Because the Joker gave us the most entertaining moments of the series that couldn’t be recreated, I think Nolan and company smartly went a completely different direction with Bane. As an expelled member of the League of Shadows, of which Bruce was also once a member, Bane knows how Bruce/Batman functions as well as anyone, and can exploit his weaknesses. The Joker brought chaos into Gotham and Batman’s world, but he never had the ability to understand Batman in a way that could permanently bring him down for good; whereas Bane, although not as cunning, had the power to break Batman’s body and soul—first by breaking his back in a brutal fistfight, then by taking him to a foreign prison to rot as Bruce watches Bane destroy Gotham from the inside.
This film is by no means perfect. Certain plot points seem slightly half-baked in order to make the story work out the way Nolan wanted, rather than letting them develop organically. The character Miranda Tate in particular fits this bill, and her not unexpected turn as Talia-al-Ghul at the end seemed unearned, and perhaps even unbelievable. This is the second film in a row for Nolan that he failed to direct Marion Cotillard to a good performance as the antagonist.
Also, Selina Kyle and Bruce ending up together at the end seemed little more than an assurance to the audience that Bruce was happy. Their relationship was not established in a way that made this believable to me, other than a head-scratching kiss right in the middle of a countdown to a nuclear weapon’s detonation. But overall, for a 167-minute film, the dense story all fit together very well, and I was thoroughly entertained throughout the runtime.
A lot of people have talked about Alfred’s interactions with Bruce as being the most emotionally charged moments in the film. Michael Caine does give his best performance in the series here. Others have mentioned the last twenty minutes or so being the primary source of the gut-punching (and no doubt that it was gut-punching).

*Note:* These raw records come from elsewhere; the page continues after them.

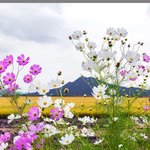 성경 속 생명나무와 <b>선악</b>나무의 참 뜻과 실체를 알아보기~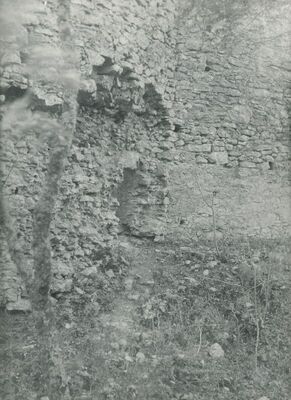 Grtovec (Budinščina) - Stari grad Milengrad, detalj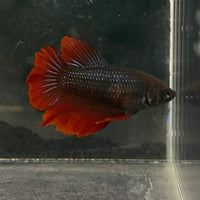 the-fish-farm Female Betta Female Betta - One Only - V Choose your own Female Betta at The Fish Farm Australia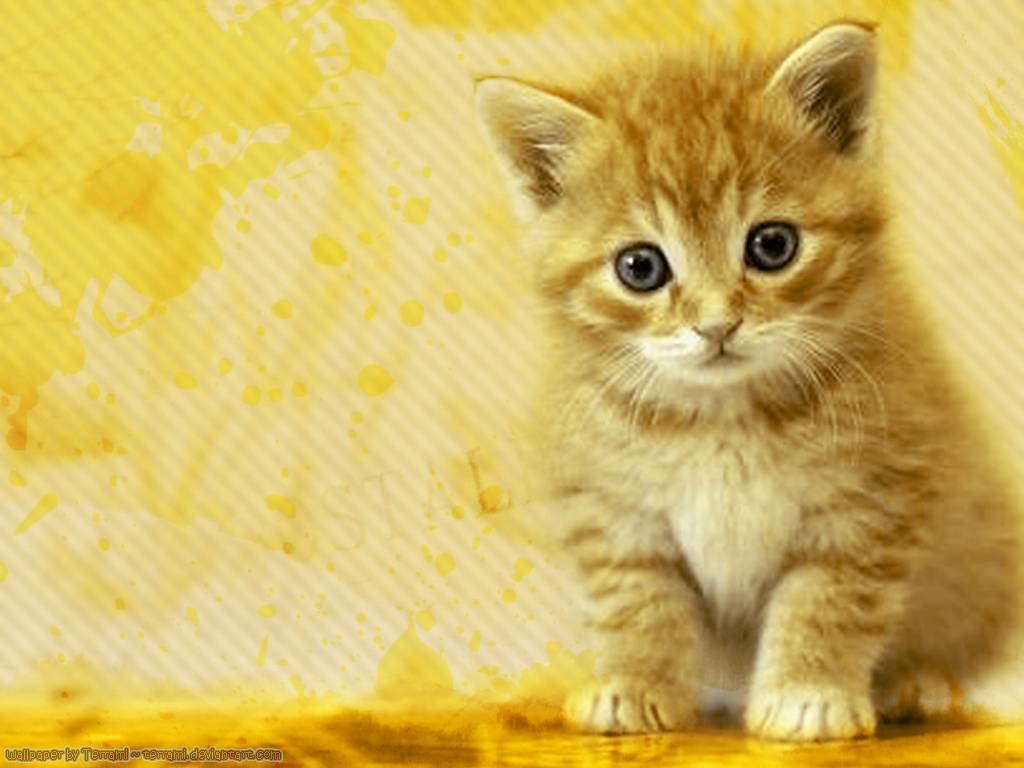 Golden Cat Desktop Wallpaper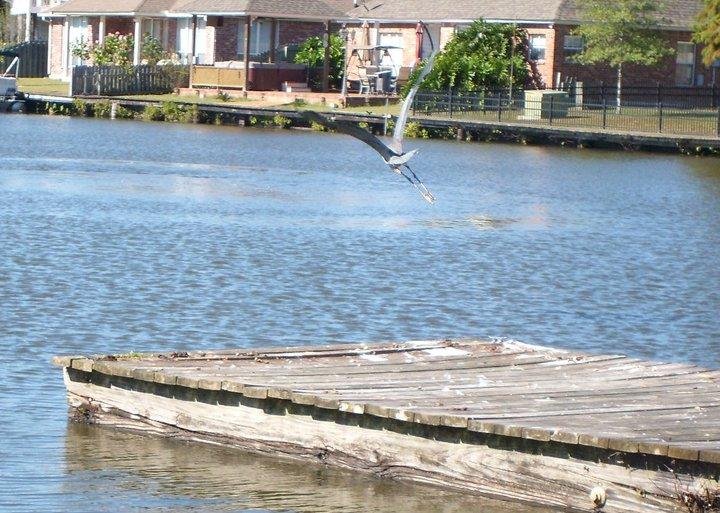 Blue Heron takes off in flight...
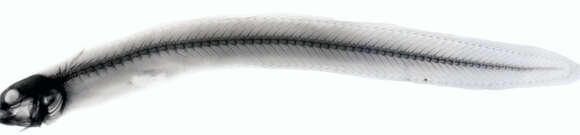 Image of Small-spot eel-blenny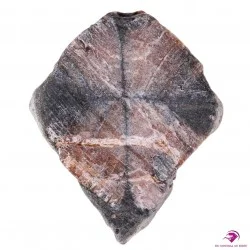 Chiastolite Hunan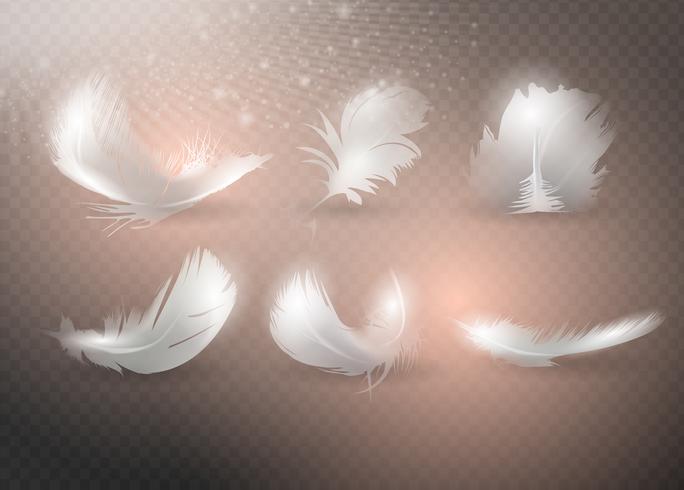 Realistic feathers. vector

For me, though, the most emotional moments in the film came when Bruce is in the prison. This is where he finally begins to understand what it means to carry out his father’s dying wishes that he not be afraid. This is where, thematically, the film ties up the series the best.
Until this point in the series Bruce doesn’t realize that his advantages have, to some degree, been holding him back: his enormous wealth and privilege, his superior physical form, a plethora of resources at his complete disposal, and his harbored anger concerning his parents’ death. Only after all of those things were taken from him, could he begin to fully repair his soul. Only after he has gone as low as he can go, was Batman able to Rise.
Epilogue: Although I’m sad about Nolan’s Batman franchise being done, I’m excited to see where the director will take his career from here. Between the Batman films and Inception, it seems like he is keen on making “big” films, and their success both critically and financially is undeniable. But with all their success, his smallest commercial film, Memento, is still the filmmaker’s masterpiece. I doubt very strongly he will return to that degree of art-house filmmaking, but I’d like to see him try his hand at something smaller, and perhaps even something more personal. I’d like to see him go fresh with some of the actors he uses. Regardless, he is still the only filmmaker whose movies I will see on opening day, every time, no questions asked; and I feel lucky to be right in his target audience during his run as a filmmaker.